Quelles sont les valeurs que vous voulez transmettre à travers vos voitures?

Renault c’est une bonne et belle voiture pour l’homme modeste. Modeste tant sur ses moyens financiers que sur son profil psychologique, c'est-à-dire qu’il n’a pas besoin de rouler pour vivre socialement. C’est ça Renault. Et je ne vois rien de mauvais là-dedans. Nous ne sommes pas une marque prétentieuse. Je suis fier de faire partie d’une marque qui distribue des voitures dans cet état d’esprit.

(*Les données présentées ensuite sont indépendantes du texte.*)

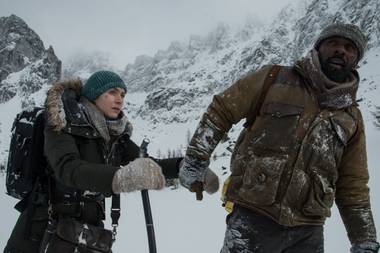 Winslet and Elba trudge through the wilderness.
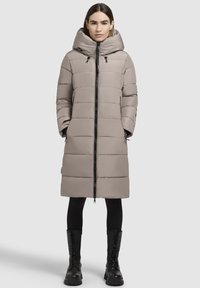 Long beige puffer coat with a hood, featuring a front zipper, horizontal quilted sections, and side pockets, paired with black combat boots.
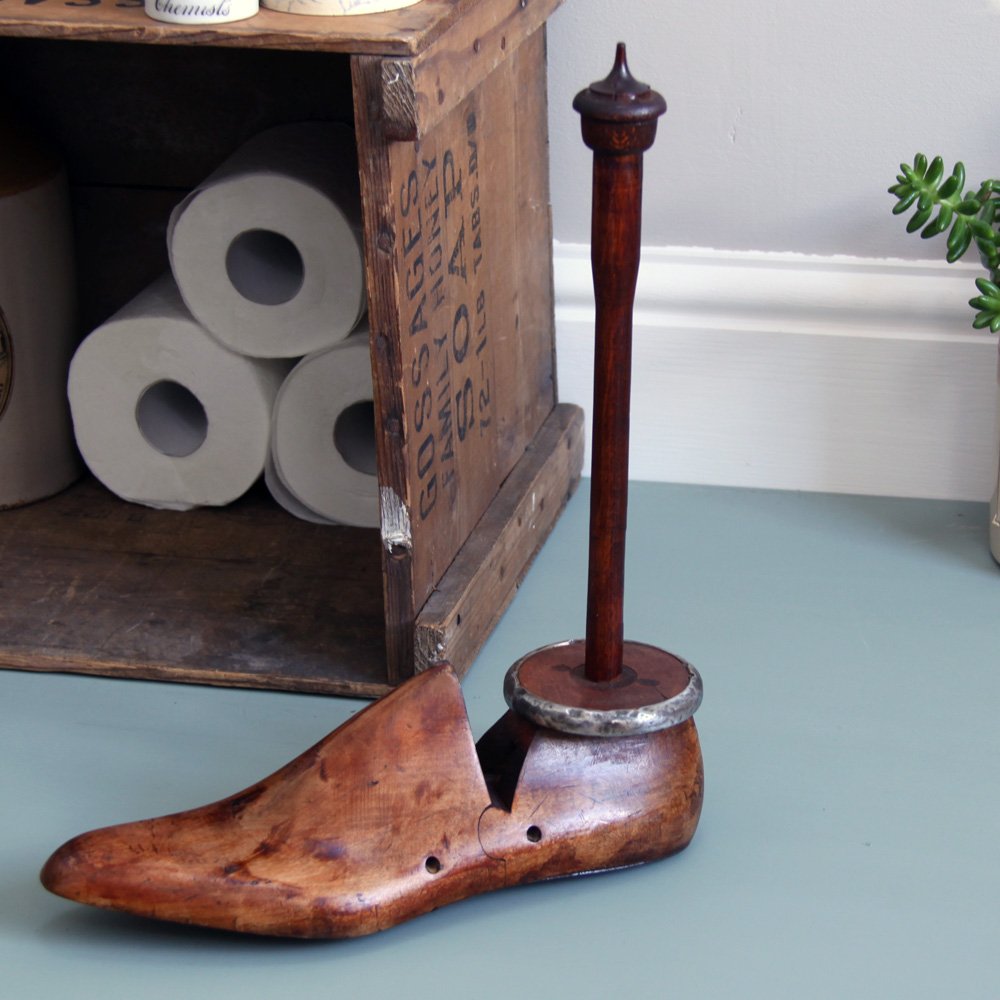 A unique kitchen roll or toilet roll holder created using an antique wooden shoe last and pewter shielded textile bobbin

Pouvez-vous nous parler de votre stratégie marketing dans le cadre du plan Drive the Change?
Je définirais quatre axes. C’est d’abord et avant tout la qualité. Renault fabrique aujourd’hui des voitures d’une très grande qualité. Aujourd’hui, un revendeur de voitures d’occasions peut reprendre n’importe quelle Renault fabriquées depuis 2005 sans aucune inquiétude. Le deuxième axe, c’est bien sûr le design. Nous avons recruté Laurens Van Acker, un designer néerlandais. Vous pourrez constater le changement radical du design Renault avec le lancement des nouvelles Clio et Twingo. Troisième axe important, c’est l’innovation pour tous. Personne n’a innové comme nous innovons dans l’électrique, et pour un prix qui ne dépassera pas celui du diesel. Enfin, le dernier axe c’est la mobilité durable pour tous, là encore, notre offensive dans le véhicule électrique est très caractéristique. Aujourd’hui, personne n’est capable de proposer une telle offre sur ce segment, à ce prix.

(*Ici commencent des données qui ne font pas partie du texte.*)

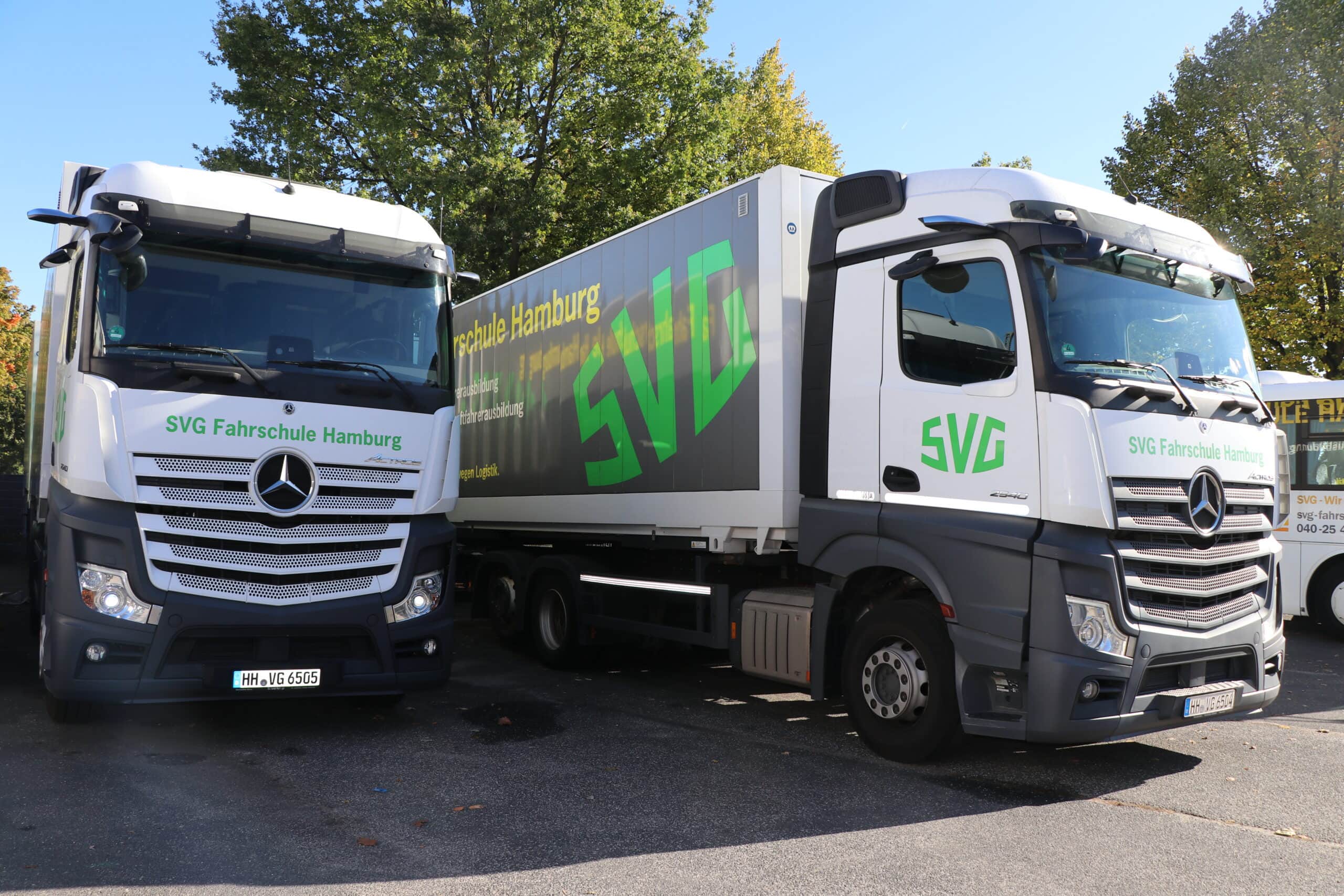 Zwei Lkw der "SVG Fahrschule Hamburg" in einem Parkplatz mit weißer und grüner Beschriftung.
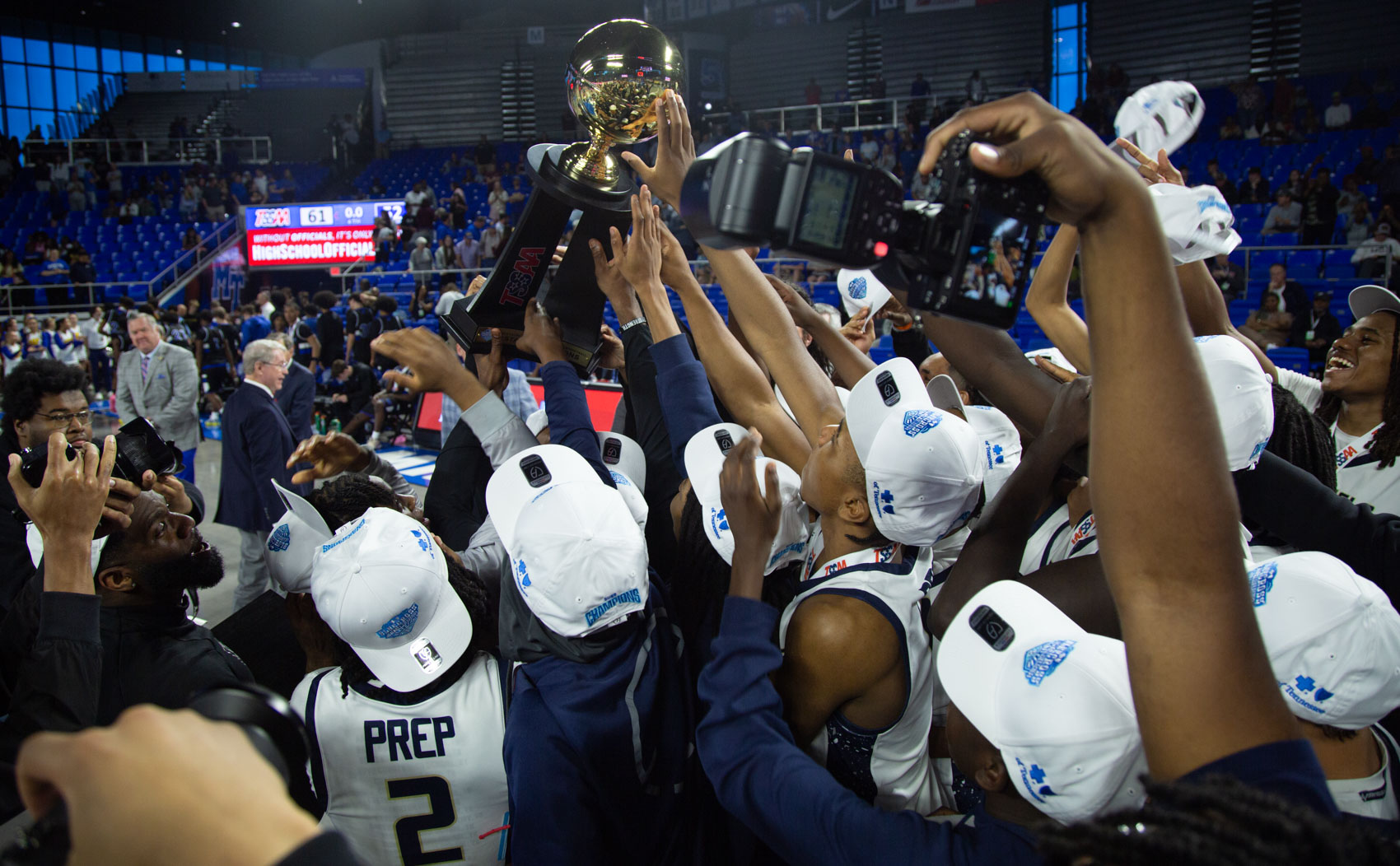 Staff photo by Larry Sullivan II/Members of the Chatt. Prep boys basketball team reach for the state championship trophy after winning the Class 2A basketball state championship game on Saturday, March 21, 2026.
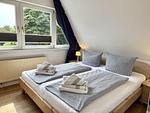 Schlafzimmer - Reiherweg Ferienhaus - Top-Hundeurlaub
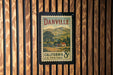 A vintage California U.S. postage stamp is displayed on a wooden wall.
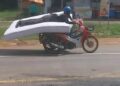 TANGKAP layar video menunjukkan seorang lelaki menunggang motosikal sambil meniarap atas tilam di Thailand. – AGENSI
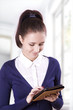 Student girl reading electronic books on an e-reader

Il s’agit d’une stratégie commerciale, mais est ce que sur le plan marketing, Renault ne reste pas cramponné à sa position de constructeur automobile moyen de gamme, alors même que le marché automobile européen se segmente de plus en plus entre l’entrée de gamme et le haut de gamme?
La première partie du plan Drive the change qui a un horizon proche, c'est-à-dire 2013, est essentiellement concentré sur le petit et moyen de gamme. Mais dès 2014, la deuxième partie du plan sera consacrée au renouvellement de notre haut de gamme dont l’Espace et la Laguna.

Est-ce que la filiale à bas coûts, Dacia, ne met pas Renault en porte-à-faux en termes d’image?
Quand Renault a décidé de lancer une voiture à 5 000 euros au début des années 2000, il était clair que ce serait sous une autre marque. La marque Dacia était donc toute trouvée. Aujourd’hui, on ne peut pas dire que Dacia fait de l’ombre. Si on étudie le profil des clients Dacia, 75% d’entre eux proviennent des marchés d’occasion, notamment des Renault… Il n’y a donc pas de cannibalisation. En termes d’images, les études ne démontrent pas qu’il y ait une confusion entre les deux marques, pas plus qu’elles ne démontrent que Seat ou Skoda sont un handicap pour Volkswagen.

En Russie, Renault commercialise une Logan sous la marque au losange. En Inde, le groupe annonce qu’il va lancer le Koleos dans les concessions Renault, avant d’annoncer que son équivalent en entrée de gamme Duster le rejoindrait dans les concessions. N’y-a-t-il pas là une confusion des genres?
Là vous touchez un sujet très intéressant. Aujourd’hui, la Renault Logan est le premier modèle d’importation en Russie. La question est est-ce que la commercialisation d’une Renault Logan facilite le positionnement de Renault sur le marché russe, ou en Inde avec le Koleos et le Duster ? La réponse est oui, sur le plan du réseau et de la notoriété, et non, sur le plan de l’image qui doit progresser vers le haut. Il est évident que si l’on pouvait créer un réseau à travers toute la Russie pour commercialiser des voitures plus haut de gamme, ce serait meilleur pour notre image. Mais ce n’est pas avec ce type de modèles que le réseau se créé. J’en veux pour preuve la hausse de 76% des ventes en Russie en 2010 qui a permis à Renault de se hisser à la troisième place dans le pays.

Vous assumez donc une stratégie de positionnement commercial flou?
La marque se repositionnera par elle-même, avec les modèles successifs.

Avez-vous mesuré l’impact d’autres évènements comme l’affaire d’espionnage industriel?
Bien sûr que nous l’avons mesurée. Nous avons réalisé un sondage. 27% disent que Renault a bien agi, 27% a mal agi, tandis que 46% des sondés ne se sentent pas concernés par la question. En dehors de la France, la question est très peu répandue. Je ne suis pas en train de dire que cette affaire nous a aidés à améliorer l’image de marque de nos voitures en France, mais cela n’a pas subjugué la marque de Renault en tant que constructeur automobile.